İSLÂM BİRLİĞİ İÇİN ÇALIŞMAK
Müslümanların yeryüzünde huzur ve güven için
yaşamalarını ve dünyada hakkı hâkim kılacak, adalet ve barışı sağlayacak İslâm
Birliği’nin gerçekleşmesi ve kıyamete kadar devam etmesi için çalışmak ve bunu
siyasetin ve vazgeçilmez esasları arasında kabul etmek, erdemli siyasetçinin
özelliklerindendir.
Dünya hayatında her insana düşen bir görevler vardır.
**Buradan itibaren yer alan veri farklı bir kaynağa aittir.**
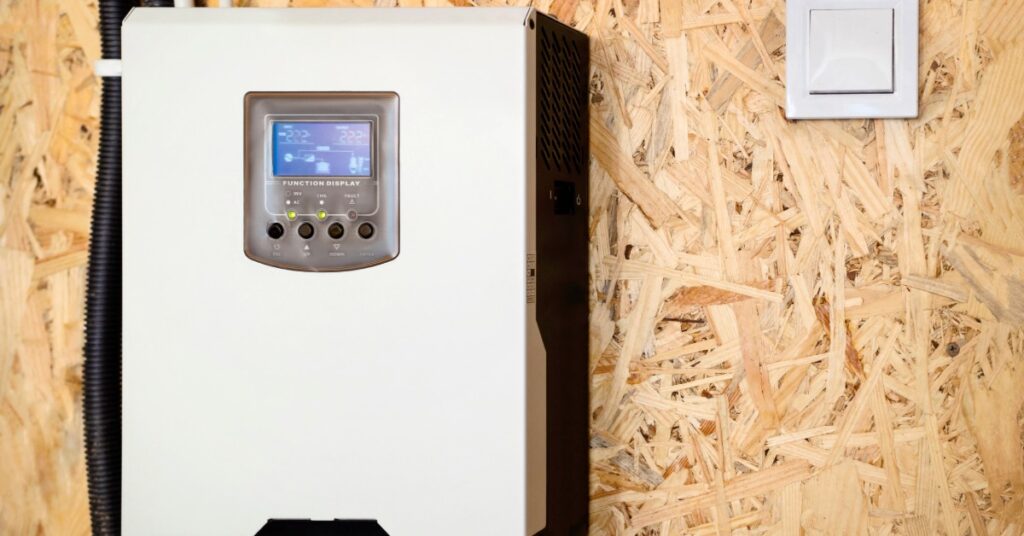 Integrating Tesla Powerwalls With Electrical Systems 2 A solar inverter with multiple cables and a small digital screen, mounted on a brown wall between white door frames.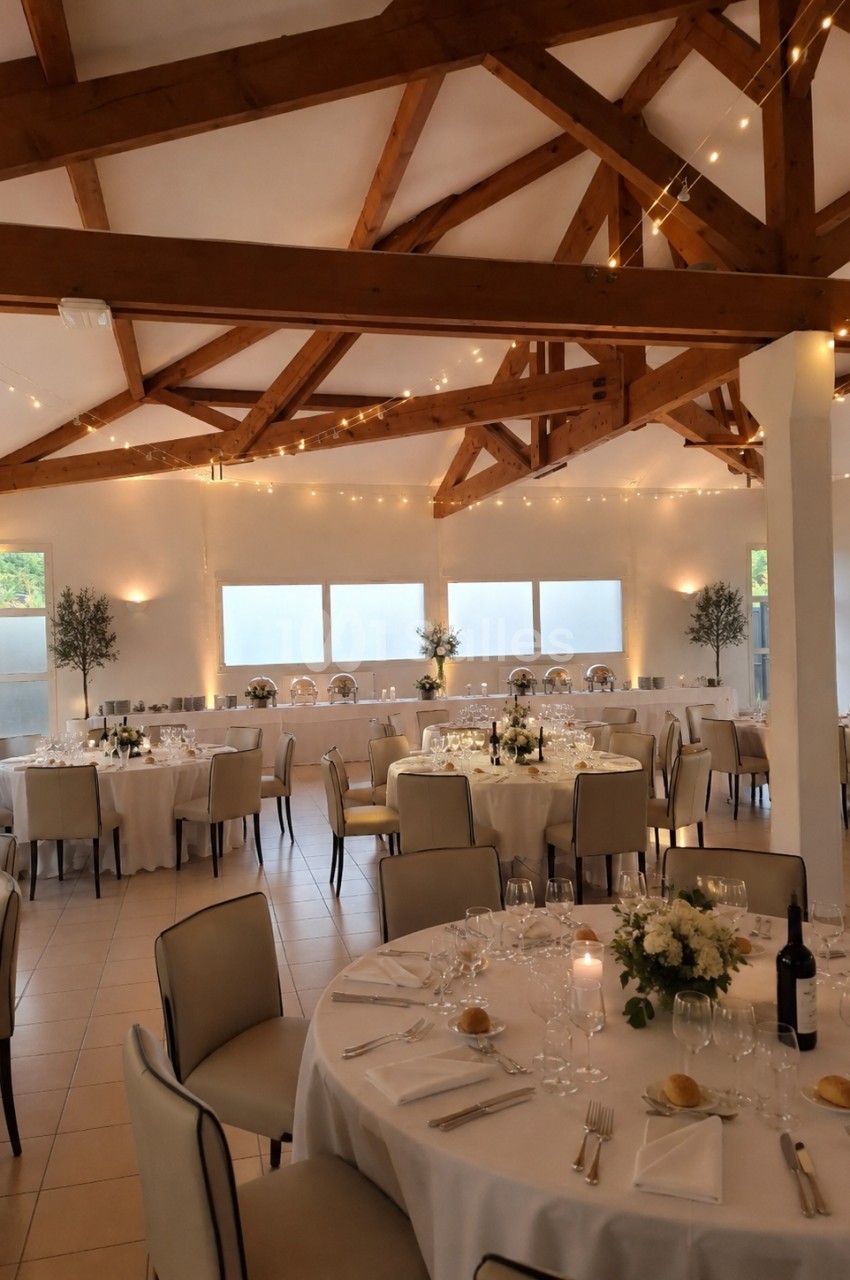 Salle de réception lumineuse avec tables rondes dressées, décorée de guirlandes lumineuses et fleurs blanches.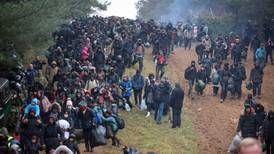 Polish forces turn water cannon on migrants at Belarusian border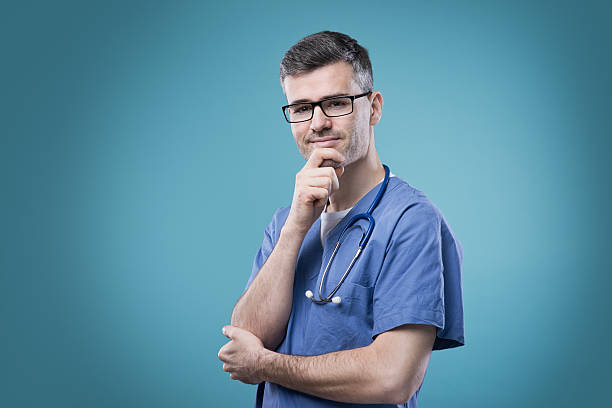 istock Smiling doctor with hand on chin 587523420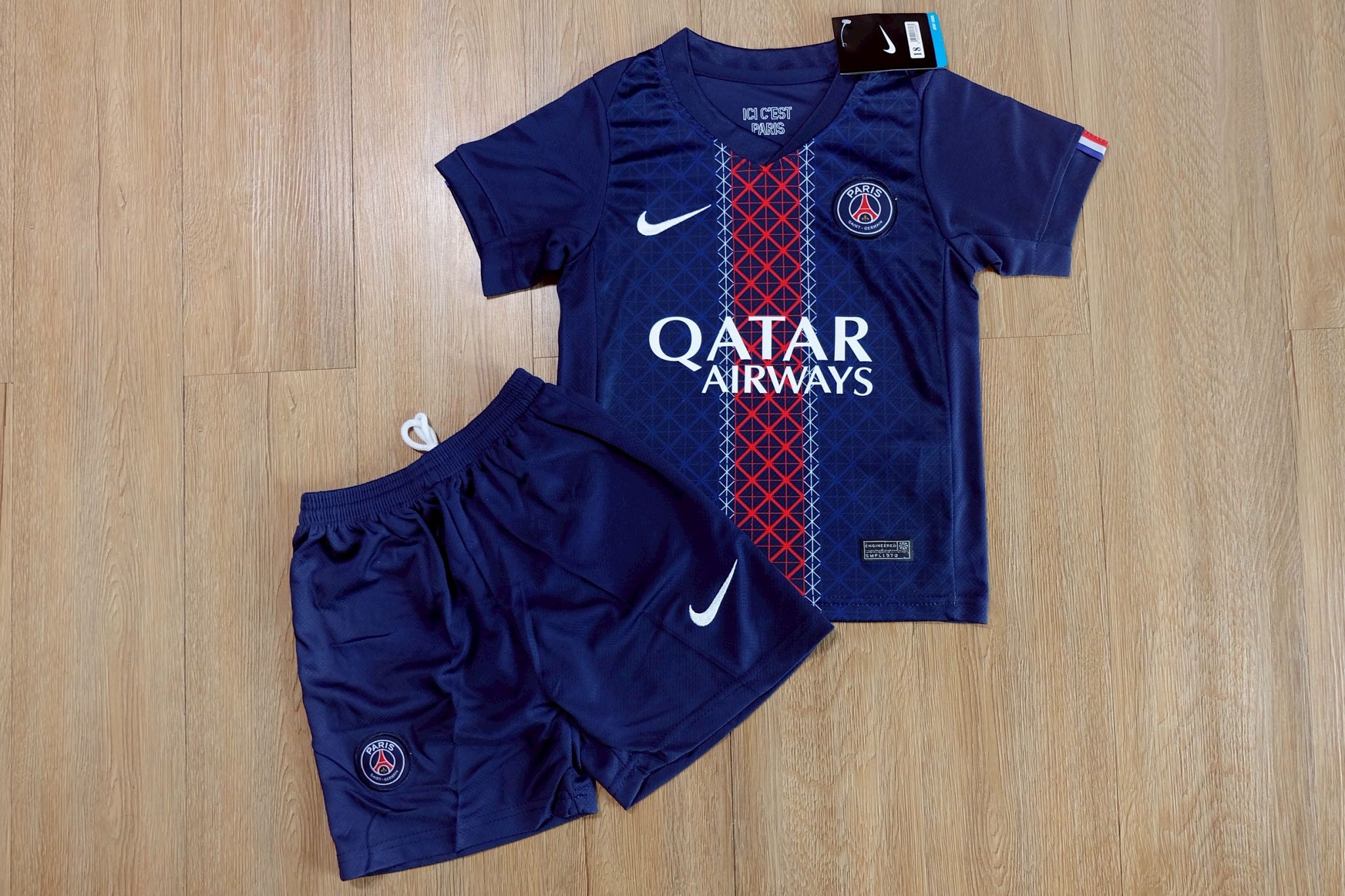 ชุดฟุตบอลเด็กเปเอซเซ เหย้า สีกรม Fans Edition เกรดเเฟนบอล 2026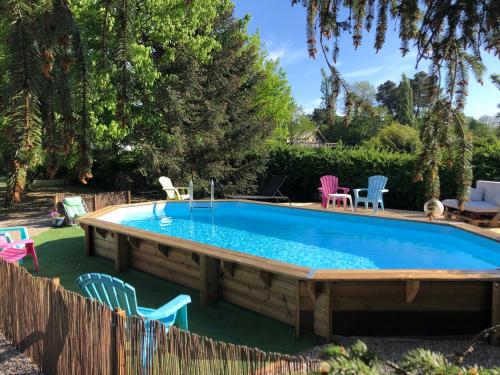 une grande piscine avec des chaises autour dans l'établissement Gites d'Ici et d'Ailleurs 1 & 2 -famille ou groupe- Dépendances dans propriété proche Bordeaux et Bassin Arcachon, à Saint-Morillon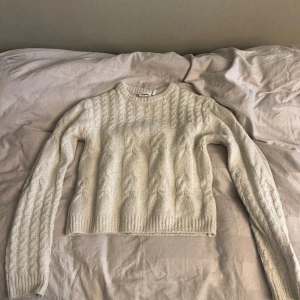 Vit stickad tröja från Weekday - Säljer en vit stickad tröja från Weekday i storlek M. Tröjan har ett snyggt flätmönster över hela och är långärmad med ribbade muddar vid hals, ärmslut och nederkant. Perfekt för dig som gillar en klassisk och cozy look.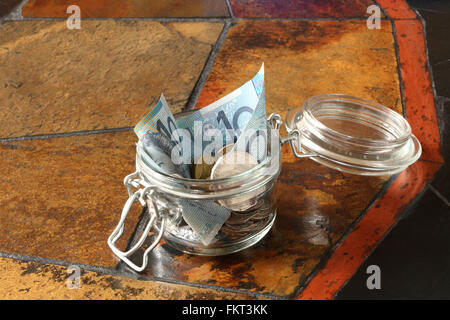 Un petit contenant en verre utilisé pour économiser de l'argent australien, à la fois des billets et des pièces de monnaie, placé sur une table carrelée Banque D'Images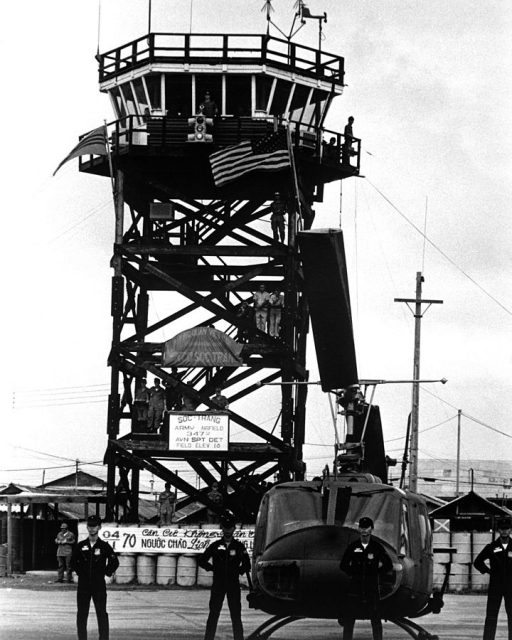 Moments before the U.S. flag was replaced by the Vietnamese flag, Vietnamese Air Force crewmen line up before one of the 62 UH-1 “Huey” helicopters turned over to them on November 4, 1970, along with command of the Soc Trang airfield.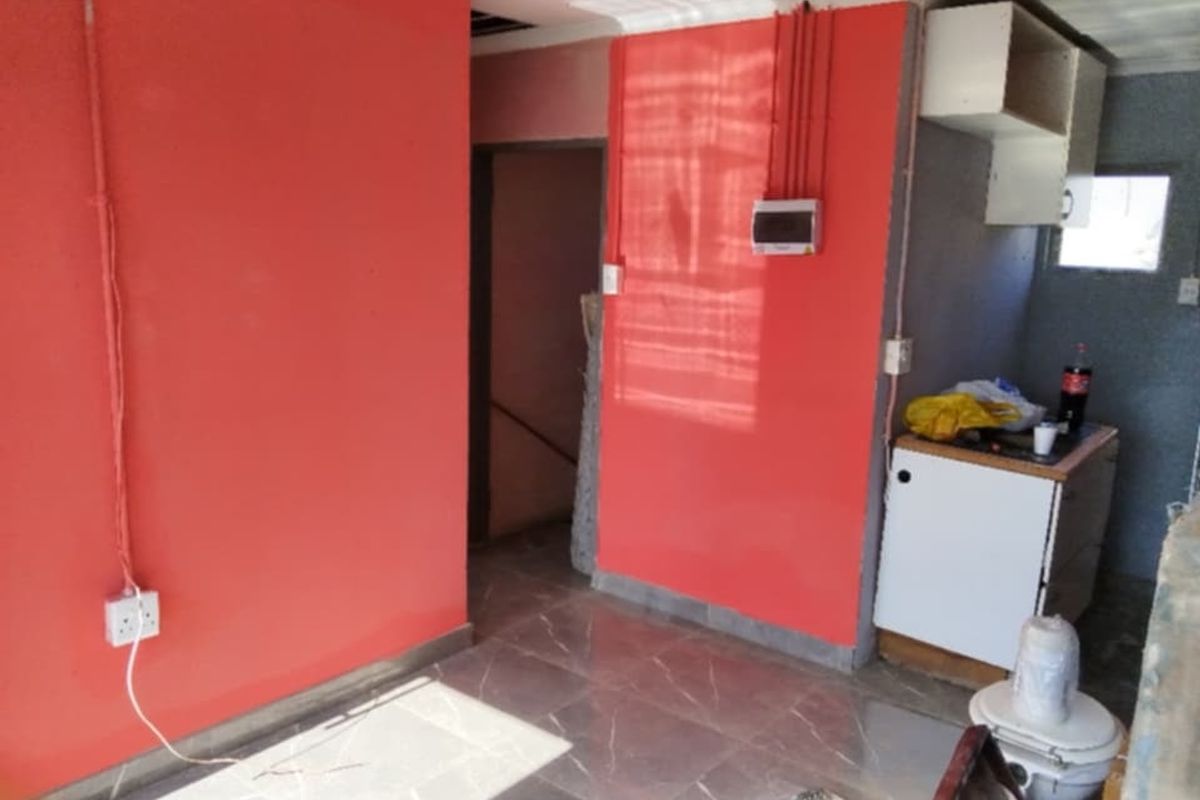 A small utility or kitchen area featuring tiled flooring, exposed electrical conduits, and basic cabinetry, currently in need of renovation and finishing.
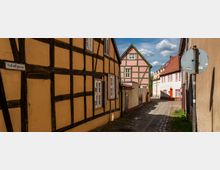 Schmale Gasse mit Kopfsteinpflaster und Fachwerkhäusern in warmen Gelb- und Roséfarben, typisches historisches Straßenbild. Ein Straßenschild mit der Aufschrift „Schloßgasse“ ist links im Bild zu sehen, darüber blauer Himmel mit wenigen Wolken.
Hiçbir şeyin
bir kararda kalmadığı, servetlerin dağılıp, tükenip imarlı ve güzel şehirlerin
harabeye döndüğü, medeniyetlerin yok olduğu ve insanlara âhirette, ancak
buradan gönderdiklerinin fayda vereceği şu dünyada herkes, kendi durumuna göre
mutlaka bir şey yapmalı ve öte dünyaya gitmeden ömrünü iyi bir şekilde
değerlendirerek bir şeyler göndermelidir. Şu kesin olarak bilinmelidir ki,
ölümle herkesin amel defteri kapanacak ve herkes, yaptığıyla kalacak, ancak,
dinine, milletine, ırzına namusuna ve diğer korunması gereken değerlere zarar
gelmesin diye kendini Allah yoluna adayanların ve her şeyleriyle yüce İslâm
davasına hizmet edenlerin defterleri asla kapanmayacaktır. Bir hadis-i şerif
bunu ne güzel izah eder: “İnsanın
ölmesiyle her ameli kesilir; ancak Allah yolunda mücahede edenin ameli, bundan
müstesnadır: Onun ameli, kıyamet gününe kadar nemalanır ve kabir fitnesinden de
emin kılınır.”
Çünkü o Müslüman yaptıklarıyla bir çığır açmıştır ve dolayısıyla,
kendisinden sonra o yolu takip edenlerin hasenatının bir misli ona da
yazılacaktır. Hem o, kabrin fitnesinden ve dehşetinden de emin olacaktır;
zira o, gerçekten ölmemiştir ki kabir azabına muhatap olsun. Sadece vücudu yani
beden itibariyle yer değiştirmiş; geride bıraktıklarıyla da hâlâ insanların
gönlünde yaşamaktadır.
Hz. Muhammed (s.a.v.)’e, Raşid Halifeler’e ve sahabeye ‘ölü’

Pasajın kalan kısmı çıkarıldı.